Here is the entire Year to Date P/L list for closed positions - I added previous week's list here for comparison.
I closed $1200 in premiums this week, nearly tripling my gains for the year to date from $605 to $1805.


Year to Date Realized Gains by Symbols Traded (Last week first, then current week)
Trade Ideas
INTL (INTEL) has set a scorching pace for its revival. It has 5x-ed from 20 to 100 in just about a year, having hit its lows in high teens, in 2024.
Looking at the options table 48 days out, traders are seeing a risk to the upside.

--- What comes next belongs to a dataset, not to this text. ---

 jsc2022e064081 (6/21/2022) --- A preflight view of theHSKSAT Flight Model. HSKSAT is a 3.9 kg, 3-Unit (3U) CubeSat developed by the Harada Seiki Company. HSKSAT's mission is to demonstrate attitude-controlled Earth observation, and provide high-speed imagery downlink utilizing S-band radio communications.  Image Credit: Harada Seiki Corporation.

As you can see below on the June 18 table, an equidistant strike away from current price (of ~$100), $20 up at $120 has a premium of ~$510-$525, whereas if you go $20 down and looked at premiums at $80, that is only between $310-$320. Assuming mid-point prices, that's a gap of nearly $200. I am with the market on this one, am bullish on Intel continuing to rise, so I could sell either a Naked Put (my preferred approach) or a Put Credit Spread on INTL. And exit at or before 21-DTE with either a 50% return on original premium or some loss, since I have no desire to own the shares of the stock.

Portfolio Status
Here is the current portfolio status, including unrealized P/L.

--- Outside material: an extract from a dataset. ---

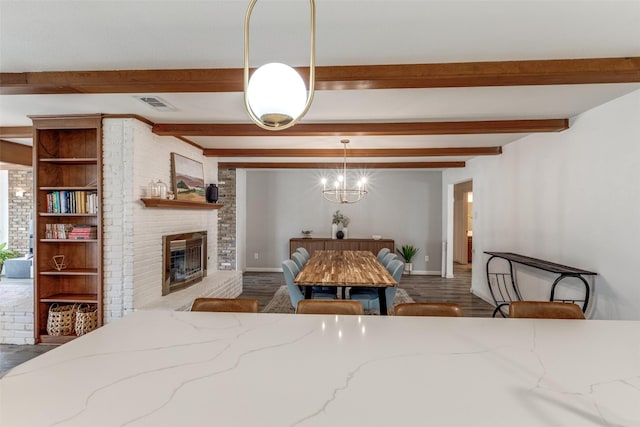 dining room with beam ceiling, a fireplace, a chandelier, baseboards, and wood finished floors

This week, I was dancing around with my expiry on SPX, placing trades in a manner such that I could avoid getting a Day Trade flag. Traders still need to wait for the June 4th date when Pattern Day Trade (PDT) rule changes get changed, and the $25K minimum rule gets lifted. While I have breached the $25K limit in this account, I still don't want to go through any theoretical or real hassle of PDT rules being applied to me in the last few weeks of its existence. Read here about these rules, their updates, and history: https://tastytrade.com/learn/markets/industry/pattern-day-trading/
As you would have seen above in my trade logs - trading in SPX when market goes up - seems like a really profitable idea. This week I was really fortunate to make some money on my ideas. The thrill of idea validation by market within hours or a day or two is something I had not experienced when I had been waiting around for weeks (or years for buy-and-hold index/share positions in for example, my Vanguard account). SPX is going to be what I will predominantly trade going forward for my options, at least until some sequence of losses shake my confidence in it. And I am eagerly waiting for PDT rules to change in about a month - that way I can further increase my odds of success by trading more frequently. I strongly believe in the law of large numbers - the more I trade the statistically probable trades, the more the probabilities actually come close to their value, giving me success.
The catch seems to be that I likely won't be able to continue writing this newsletter. With an uptick in the volume of trades I place, I am losing the desire to carefully document all of the trades - I think the last 16 months of documentation has taught me enough to survive. Let's see what the future holds.
All else being equal in the world - trading options still seems like the fairest challenge. If you have a hunch - you can get it right or wrong all on your own. No bosses to blame, not the economy to worry about - just you and your thesis - and the trader on the other side of the trade.
That's enough philosophy for this week!